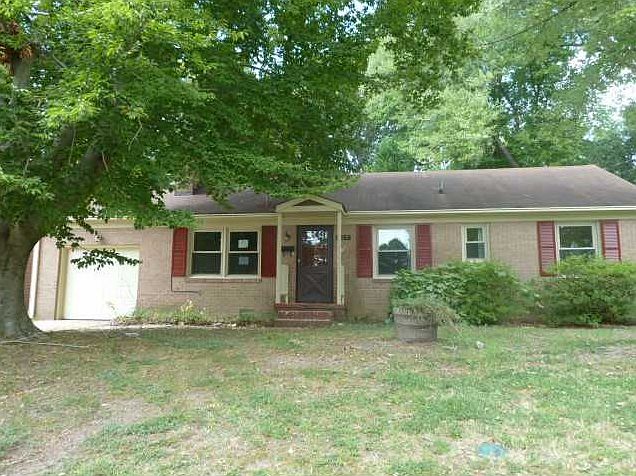 1st image of 829 Catalina Dr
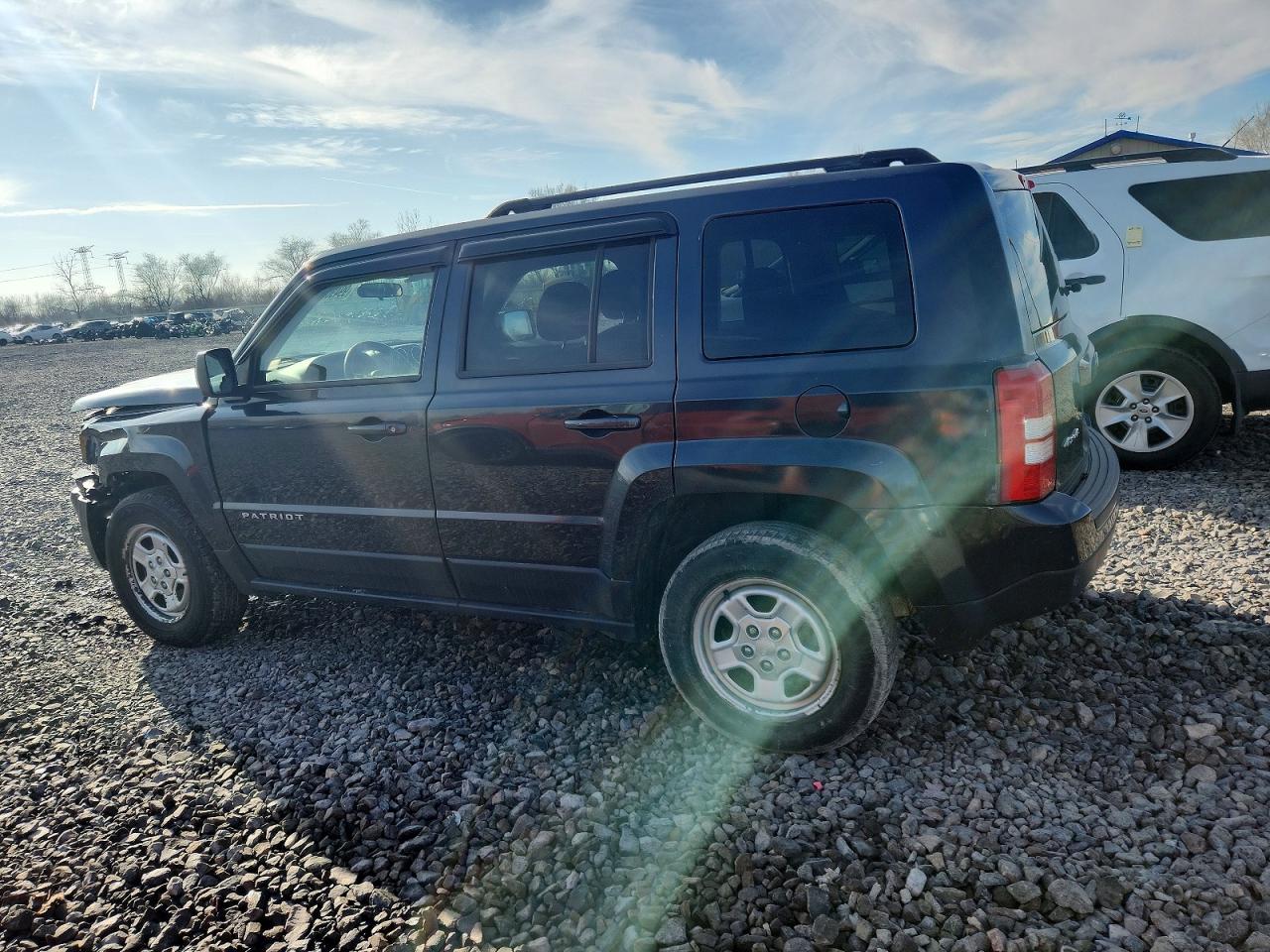 2014 JEEP PATRIOT SPORT photo 2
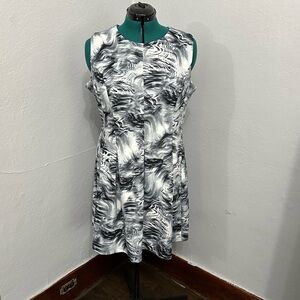 ILE New York Black and White Sleeveless Dress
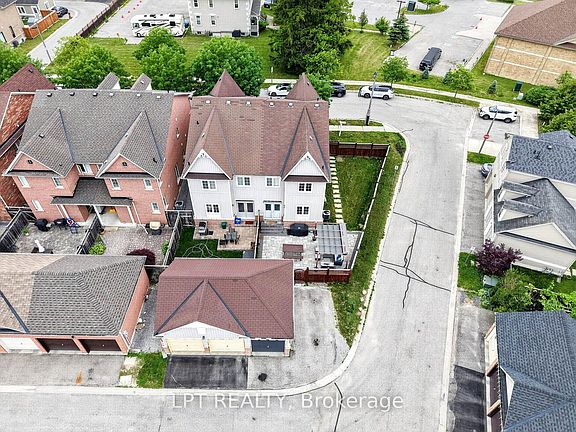 4th image of 32 William Gaspar Ct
══════
### EXERCISE
Rewrite the data above exactly as given, but omit the images.

### RESPONSE
 1st image of 829 Catalina Dr
 2014 JEEP PATRIOT SPORT photo 2
 ILE New York Black and White Sleeveless Dress
 4th image of 32 William Gaspar Ct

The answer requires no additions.